Damage anisotropy and its effect on the plastic anisotropy evolution under finite strains

•The anisotropic ductile damage is described by second-rank tensor.•The anisotropic damage effect is introduced through the equivalent total energy assumption.•Non-associative plasticity framework is considered.•The damage anisotropy induces an important change on the shape of the iso-damage envelop.

In this work, non-associative finite strain anisotropic elastoplastic model fully coupled with anisotropic ductile damage is considered. First, the kinematics of large deformation based on multiplicative decomposition of the total transformation gradient is briefly recalled. Using a thermodynamically-consistent framework, the effective state variables are defined to introduce the effect of the anisotropic damage through the total energy equivalence assumption.

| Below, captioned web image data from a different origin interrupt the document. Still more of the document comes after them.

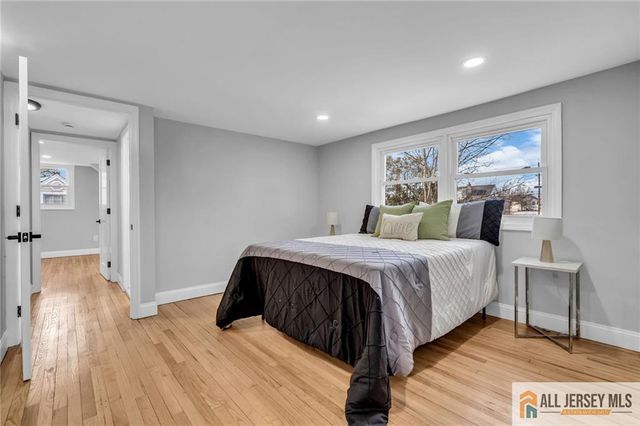 12 Northfield Avenue, East Brunswick, NJ 08816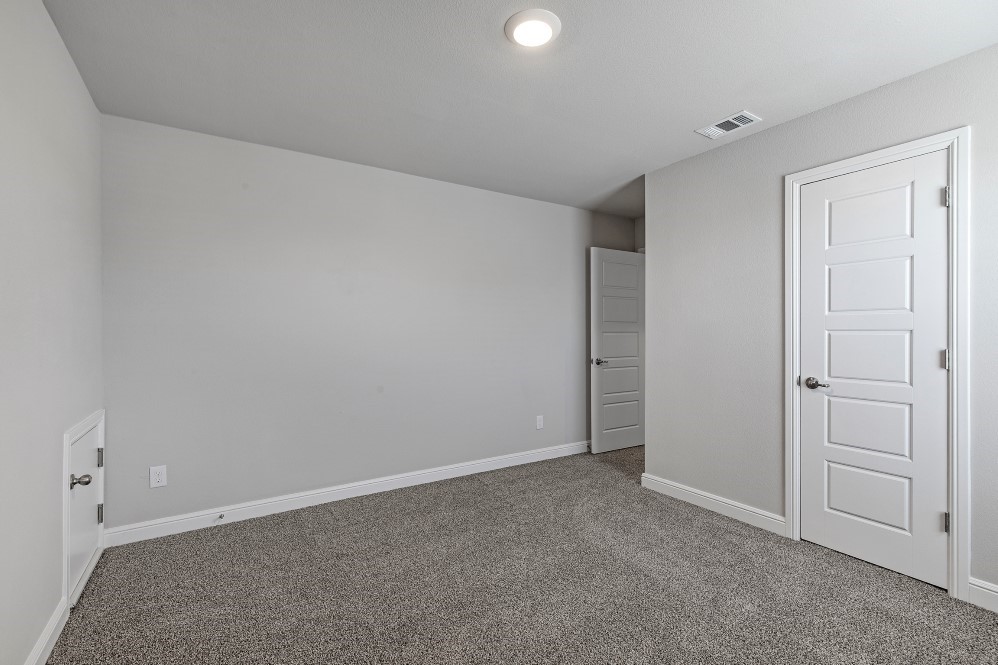 325 CONNER Circle
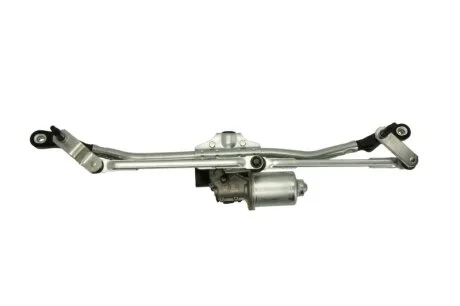 Механізм склоочисника в зборі для Skoda BLIC 591043007540PP фото товару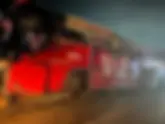 13 dead in gory Kumasi-Obuasi Highway VIP bus accident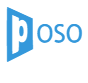 Poso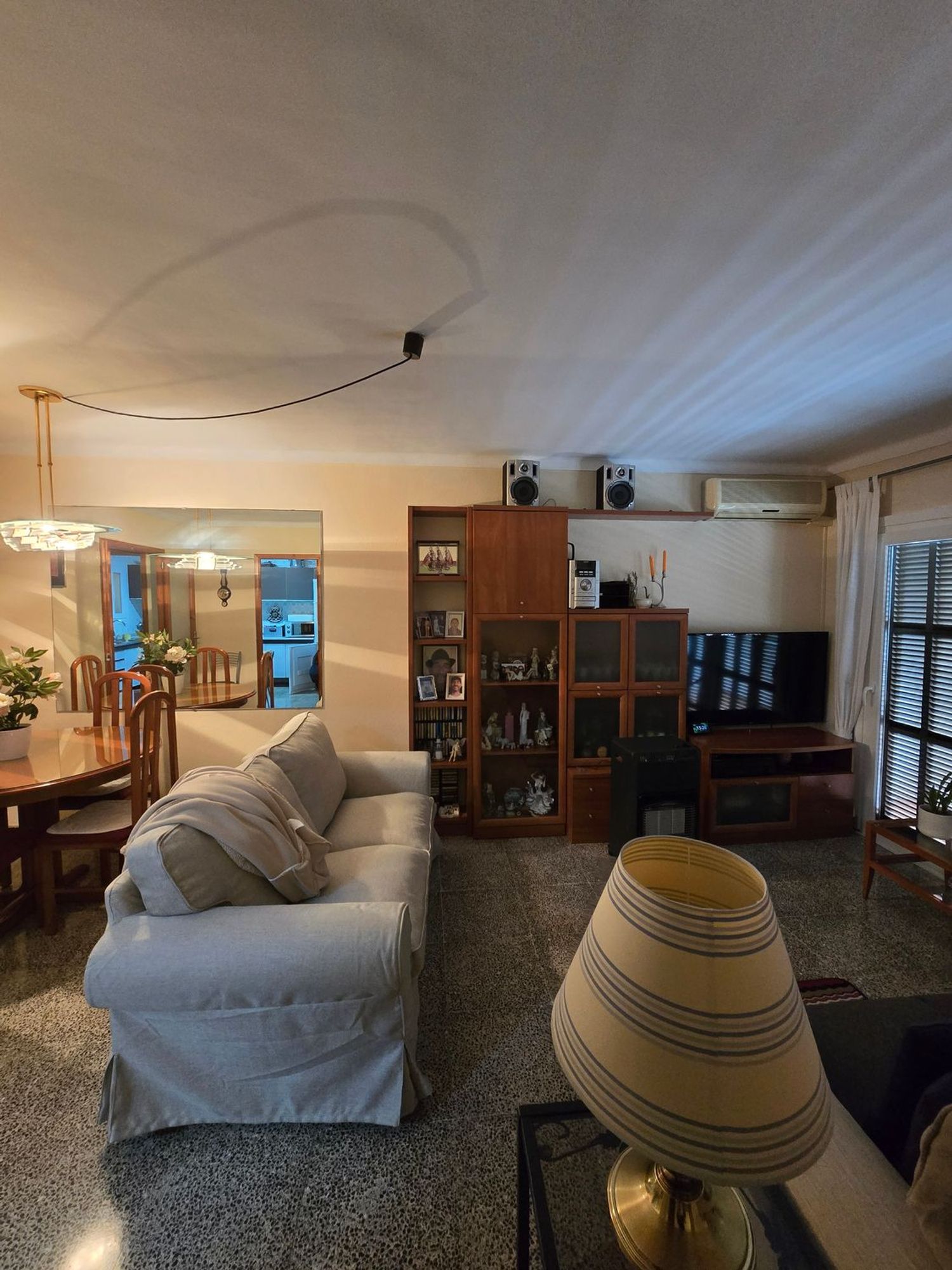 Piso en calle Sant Isidre Llaurador, 16 - Foto 10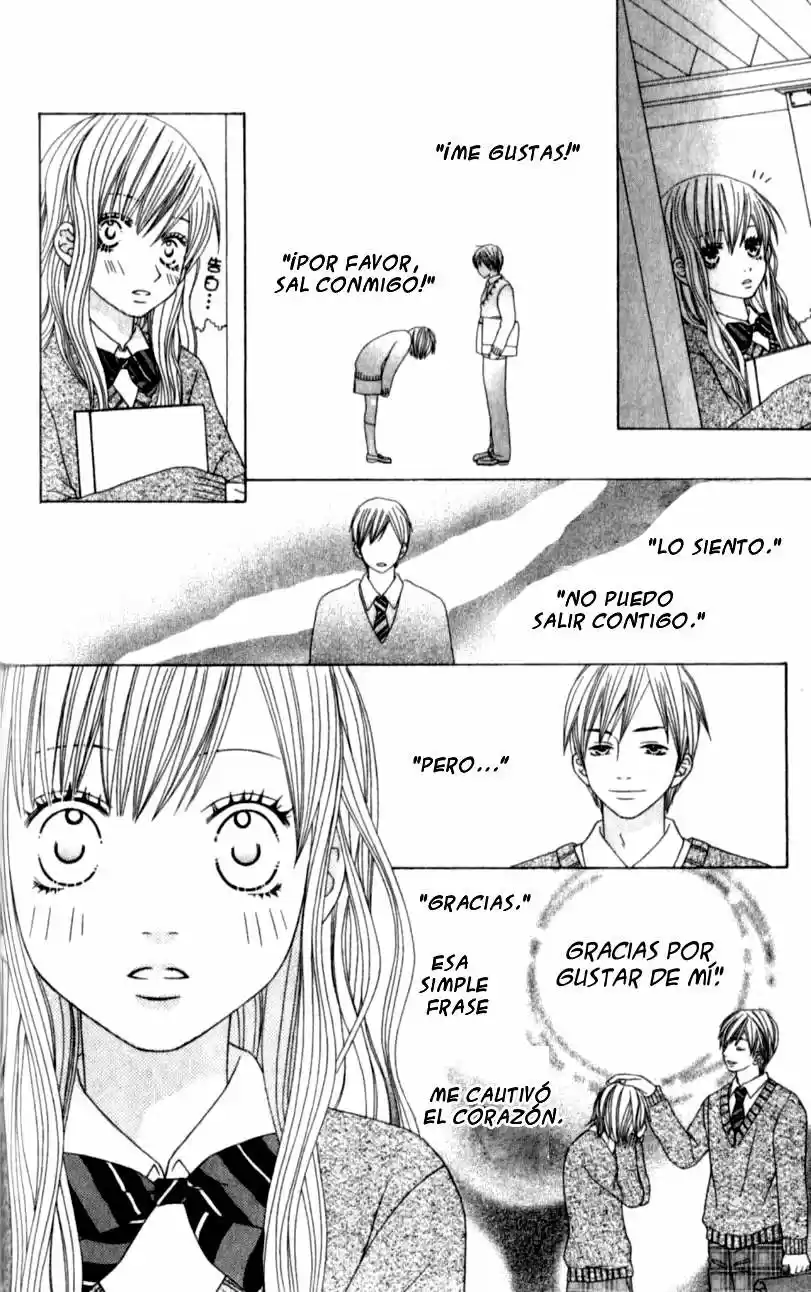Ouji Romanchika (2016) - Capítulo 4 - Página 16 - LectorTMOo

For an accurate plastic anisotropy description, non-associative plasticity framework is considered for which equivalent stresses in yield function and in plastic potential are separately defined. The evolution equations governing the overall dissipative phenomena are deduced from the generalized normality rule applied to the plastic potential, while the consistency condition is still deduced from the yield function. Applications are made to a generic material defined by selected values of material parameters and considering different typical strain controlled loading paths as uniaxial tension (UT), plane tension (PT) and equibiaxial tension (ET). For each loading path, the effect of the anisotropic damage evolution on the plastic anisotropy and vice-versa is carefully studied in the context of finite plasticity assuming small elastic strains.